Radiative accelerations vs. log T at mid-MS computed with OP data (thick black lines) and the SVP2020 and SVP2004 methods (red and blue lines, respectively) for a chemically homogeneous 1.5 M model. The dotted lines denote the local gravity (in absolute values). The vertical lines show the location of the bottom of the H and He convective zones (dashed and dash-dotted lines, respectively). The grey bar near the centre of each panel illustrates the maximum acceptable difference in the grad (see the main text). The gap in the OP curve for Na corresponds to negative values (not shown).

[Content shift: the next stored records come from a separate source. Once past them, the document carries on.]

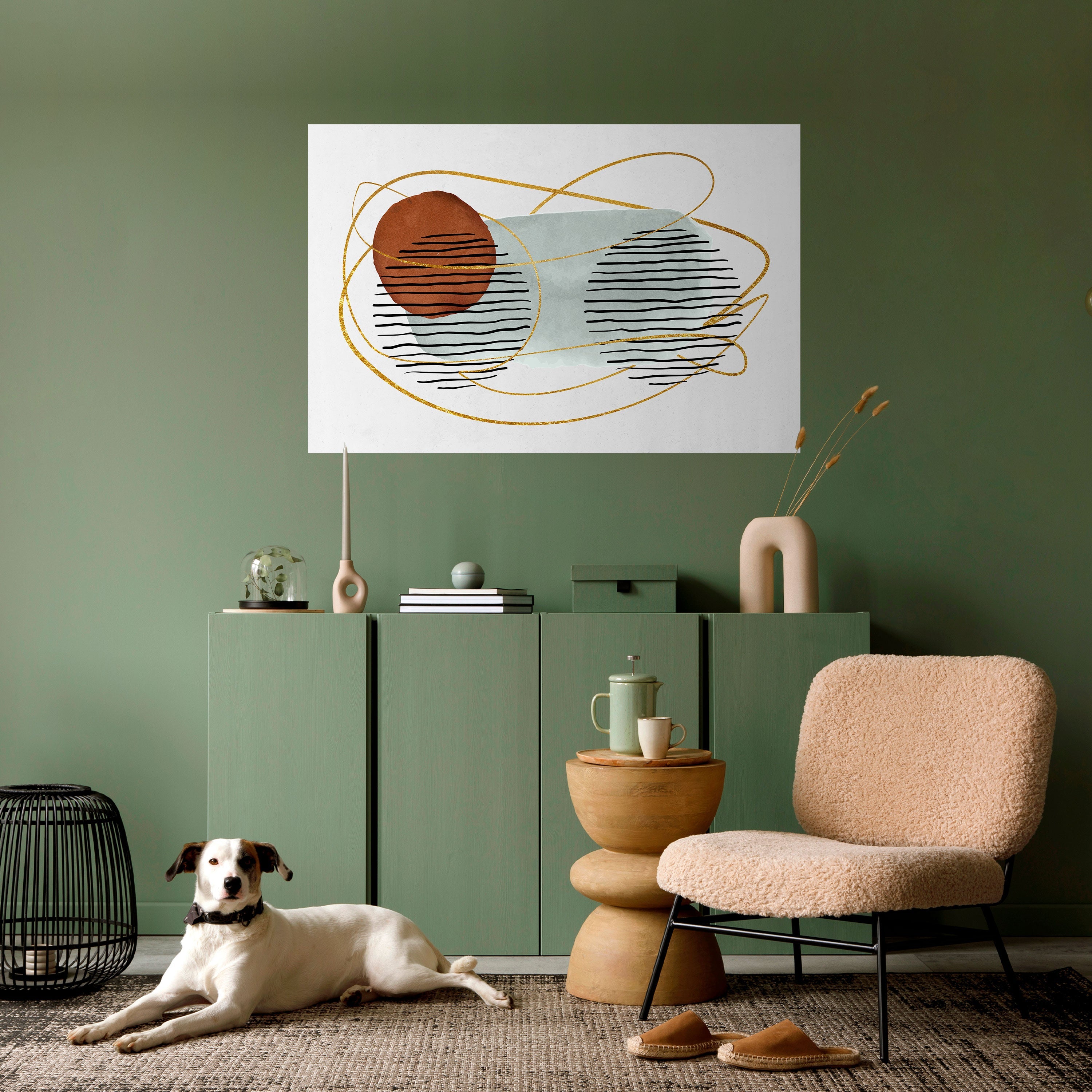 WRAPPED IN MOULD Peel and Stick Horizontal Poster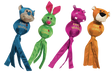 KONG Wubba Friends Ballistic Assorti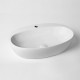 Lavabo da Appoggio Circle da 60 x 42 cm Azzurra in Ceramica Bianco Monoforo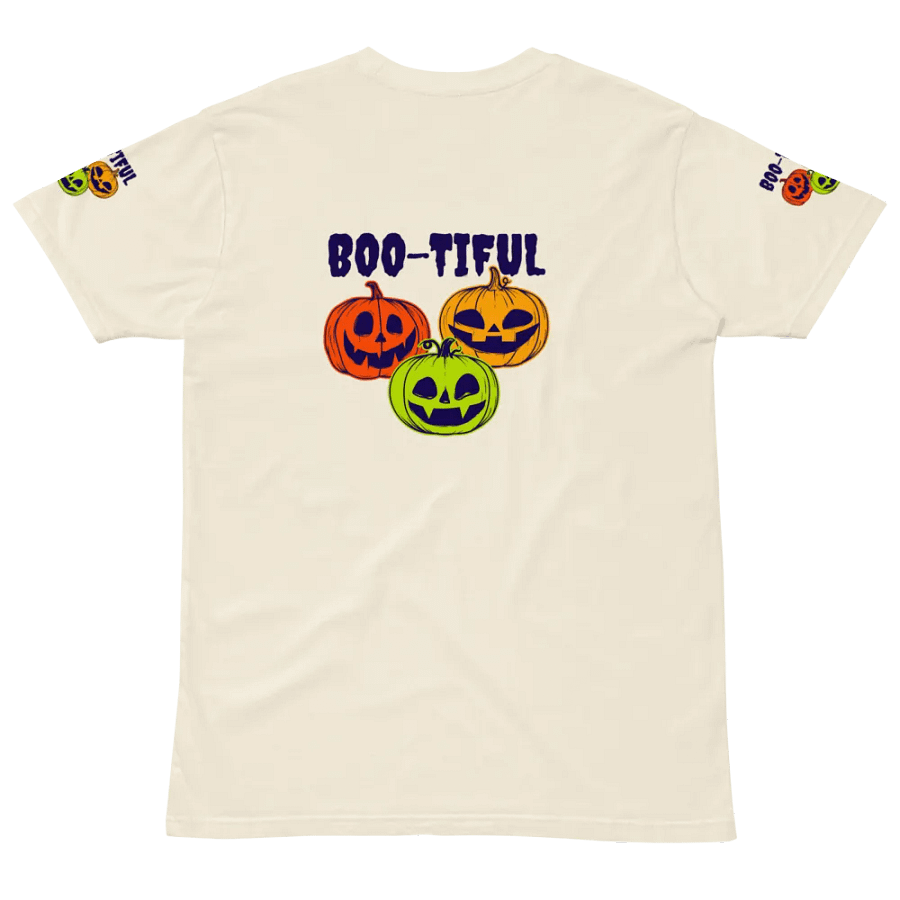 Boo-tiful Halloween Pumpkins Unisex T-Shirt product image (11)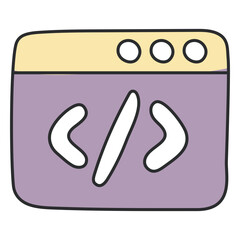 unique design icon of web coding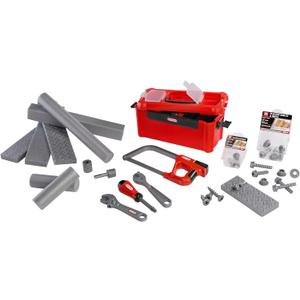 Little Tikes Creative Construction Tool Box Set with 9 Accessories, Pretend Play Construction Set, for Boys and Girls Ages 3+ Years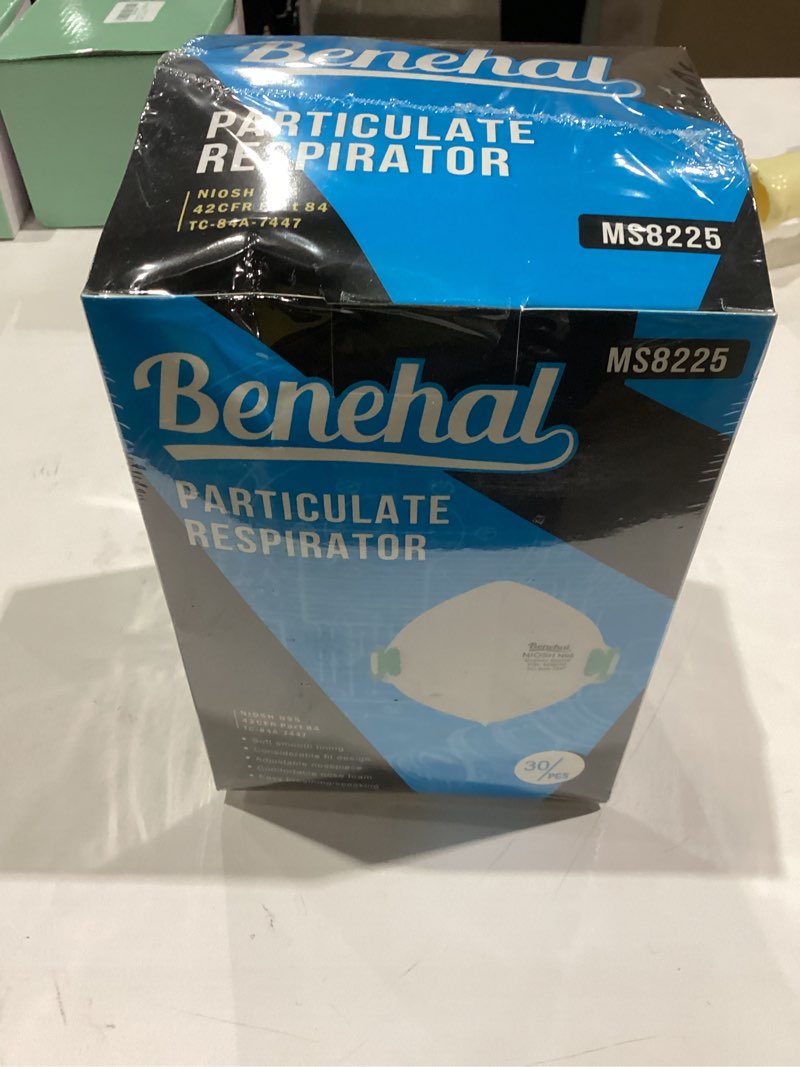 Condition photo showing New/Like New for NIOSH Approved N95 Mask Particulate Respirators, Pack of 30 N95 Face Masks, Individually Wrapped, White 30 Pack - White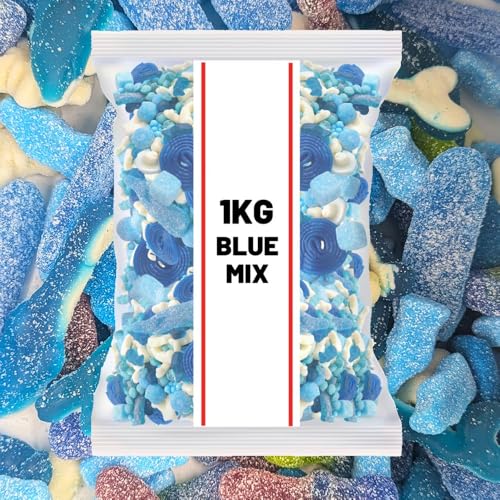 1kg BLUE Pick & Mix Sweets Selection | Perfect for Baby Showers Gender Reveal Birthdays Weddings Events & Sweet Gift Hampers | Delicious Treats by Snack Saver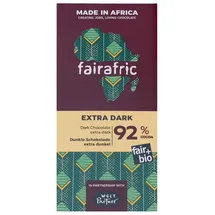 fairafric Zartbitterschokolade 80 g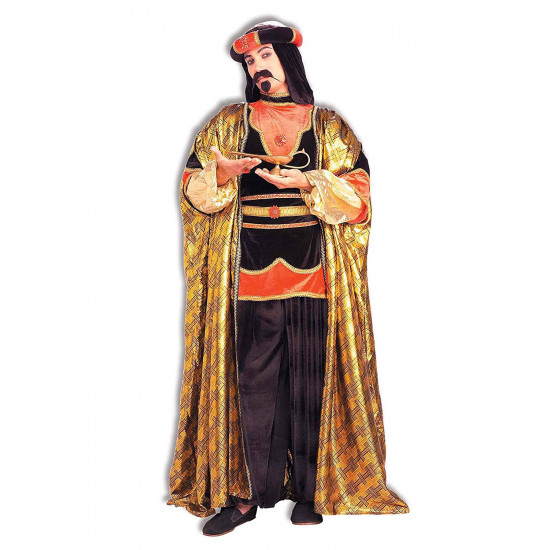 Fantasia Arabe Sheik Sultão Adulto Luxo Fantasia Arabe Sheik Sultão Adulto Luxo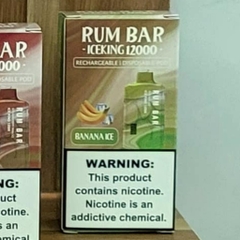 Rum Bar 12000 Hơi - Chuối Lạnh (50mg) – Pod 1 Lần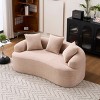 Compact Loveseat Sofa with Chenille Upholstery, No-Assembly Medium Firm Cushion for Small Spaces or Apartments-Maison Boucle - 2 of 4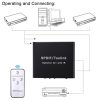 NK-3X1 Full HD SPDIF / Toslink Digital Optical Audio 3 x 1 Switcher Extender with IR Remote Controller - Image 5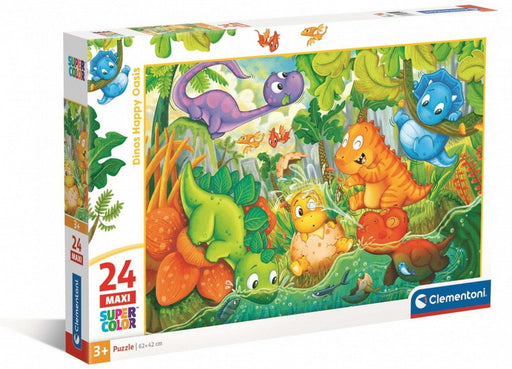 Les dinosaures heureux à l'oasis 24 mcx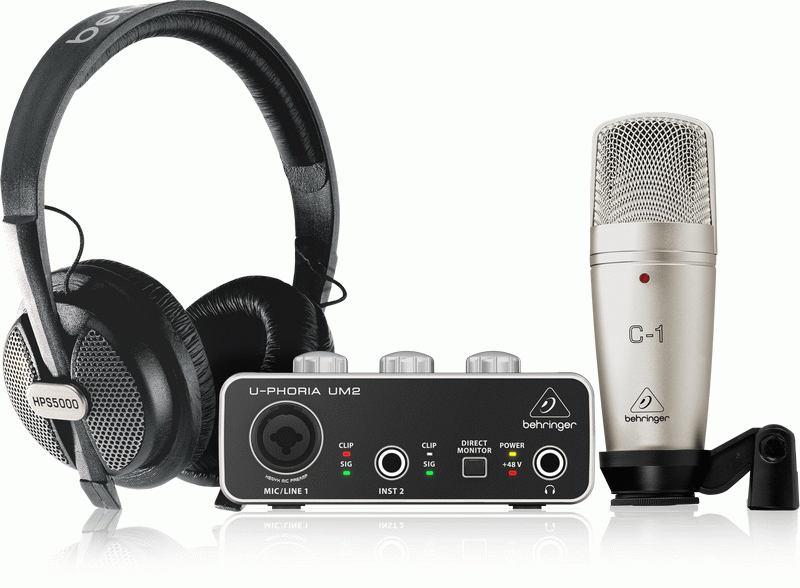 Behringer U-PHORIA Studio Recording Bundle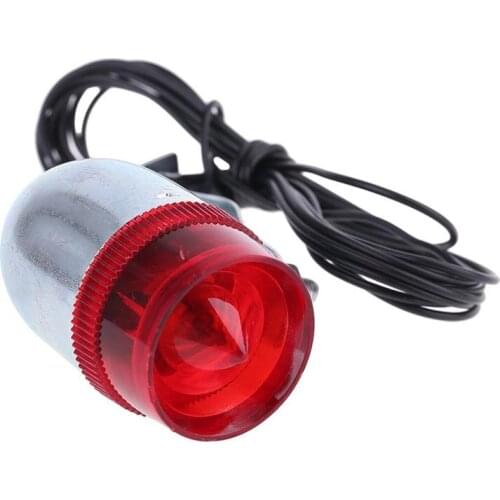 Aluminum Vintage Classic Bicycle LED Rear Tail Light Steel City Road Bike Retro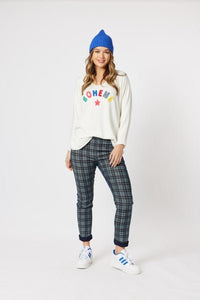 THREADZ_THREADZ REVERSIBLE JEAN NAVY _ _ Ebony Boutique NZ
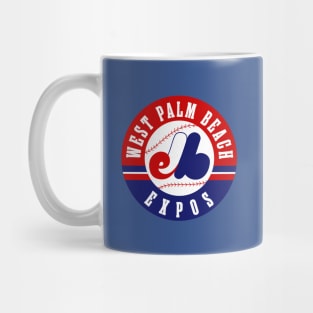 Vintage West Palm Beach Expos Baseball 1969 Mug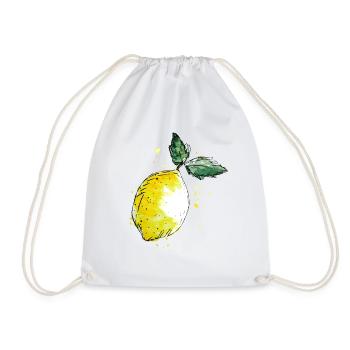 citrus fresh - Drawstring Bag - white - Front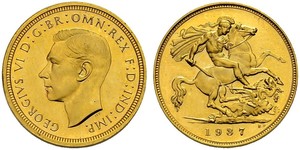 1/2 Соверен Велика Британія (1922-) Золото Георг VI (1895-1952)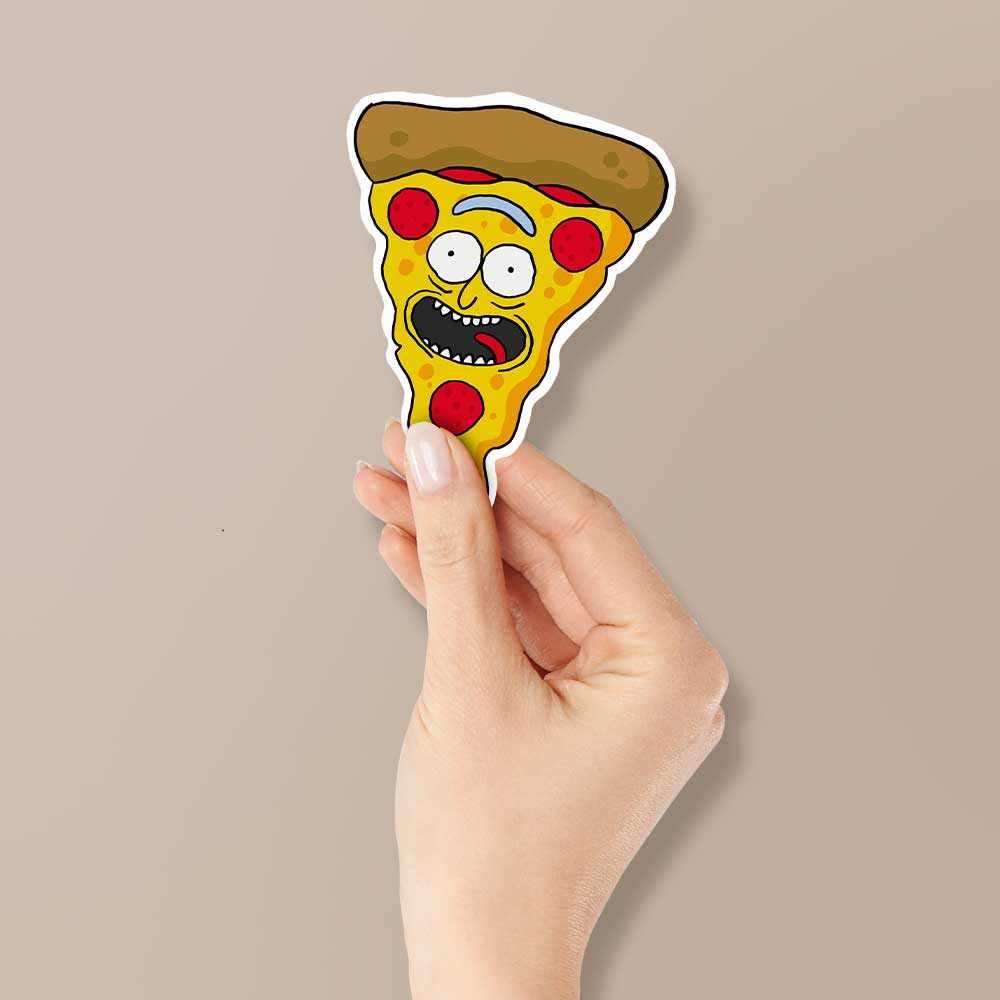 Pizza rick Reflective Sticker | STICK IT UP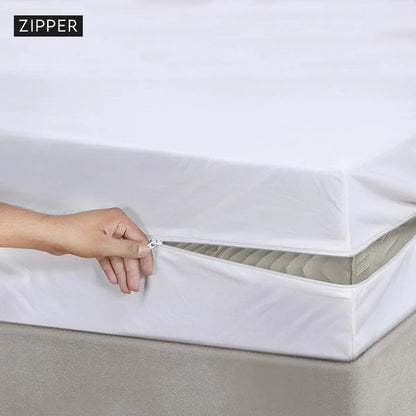 Jointless Recommended Premium & Export Quality Terry Cotton 100% Waterproof Fitted Style Mattress Protector- Maroon Colour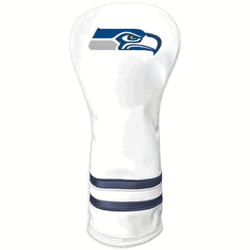 Seattle Seahawks Vintage Fairway Headcover (White)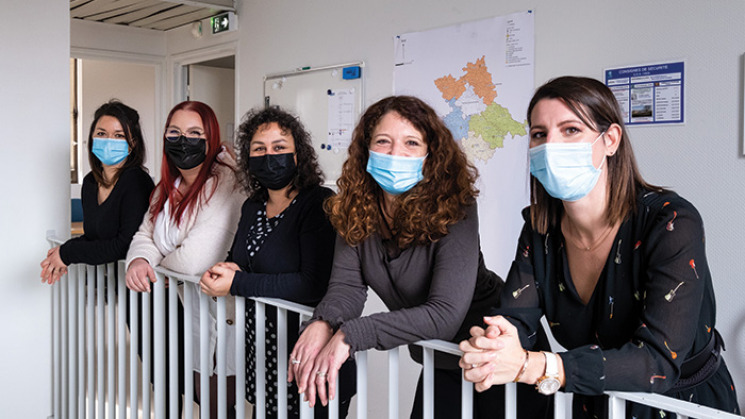 Une partie de l'équipe de Haute-Garonne Solidarités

Since the SVP method is an approximation of the more detailed OP calculations, Alecian & LeBlanc (2020) defined an acceptable deviation between the grad yielded by SVP and OP of 0.3 dex. This value is not related to observations, but to knowledge regarding atomic physics. Below the hydrogen convective zone, the differences between each of the two versions of SVP and the OP values are mostly within this limit for the 1.5 M model. The differences can be much larger closer to the stellar surface, but they will not have any consequence on the abundance evolution there since we assume that the mixing in the SCZ is efficient enough to hinder the appearance of any chemical inhomogeneity. However, for some elements (C, Al, and Si), some discrepancies are slightly above the deviation limit; however, this occurs when grad is weak compared to gravity and therefore should not have any significant effect since the motion of the chemicals is dominated by gravity at this point. The two SVP versions yield grad values in good agreement with each other below the hydrogen convective zone. The agreement between the three methods is even better below the He convection zone, but this mixing zone only exists when He is abundant enough. We can therefore expect a much more similar surface abundance evolution for models where He gravitational settling is slow enough. We note that the differences between the SVP and OP grad can be larger in this study compared to the Alecian & LeBlanc series of papers because, unlike them, we did not apply the smoothing method used in the OPserver code. This smoothing is not suitable when dealing with a depth-dependent composition (Seaton 2005), and our grad curves can show some extra bumps. For Na, the grad computed with OP data can be negative (i.e. directed towards the centre) around log T ≃ 4.4, which cannot be reproduced by the SVP method. In any case, this happens in the H convective zone for this stellar mass and is therefore of no consequence.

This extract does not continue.